Although every incoming minority student is invited to participate, Laquatra stressed that any students may serve as either a mentor or mentee.

To prepare, each mentor takes the course Mentoring in Higher Education (three credits, HE 310) taught by Gary Evans and Lorraine Maxwell, both faculty in the Department of Design and Environmental Analysis at Cornell. "The course not only focuses on the roles and functions of mentors in the learning process, but also examines specific issues related to mentor effectiveness, such as peer counseling skills, history and politics of American higher education, racism, culture, gender, homophobia and cross-cultural issues," Maxwell said.

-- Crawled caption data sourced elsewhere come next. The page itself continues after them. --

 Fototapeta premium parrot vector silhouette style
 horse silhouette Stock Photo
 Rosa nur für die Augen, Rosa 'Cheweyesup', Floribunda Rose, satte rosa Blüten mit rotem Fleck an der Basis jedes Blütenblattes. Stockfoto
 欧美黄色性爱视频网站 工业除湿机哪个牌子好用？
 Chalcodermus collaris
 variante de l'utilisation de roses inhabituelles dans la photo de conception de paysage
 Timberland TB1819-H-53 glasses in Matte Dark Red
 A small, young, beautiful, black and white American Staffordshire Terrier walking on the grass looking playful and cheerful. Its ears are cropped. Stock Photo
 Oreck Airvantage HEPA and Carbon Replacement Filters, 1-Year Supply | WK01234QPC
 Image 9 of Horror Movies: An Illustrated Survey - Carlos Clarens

"The primary objective of the mentoring course is to encourage high standards of scholarship and leadership in the College of Human Ecology through peer mentorship." Evans added, "The program provides peer mentors with the opportunity to reflect on their practice while encouraging high-quality achievement, professional ethics and devotion to services in this area of the sciences."

Nguyen's mentor was Bramdeo Singh, a senior from Yonkers, N.Y. "I participated because I wanted to take a leadership role and this was an opportunity to give something back to Cornell," he said. With six mentees -- four Asian students and two African-American students -- Singh hosted the group at his apartment, planned various social events for the group to do together and helped students pick courses for the following semester.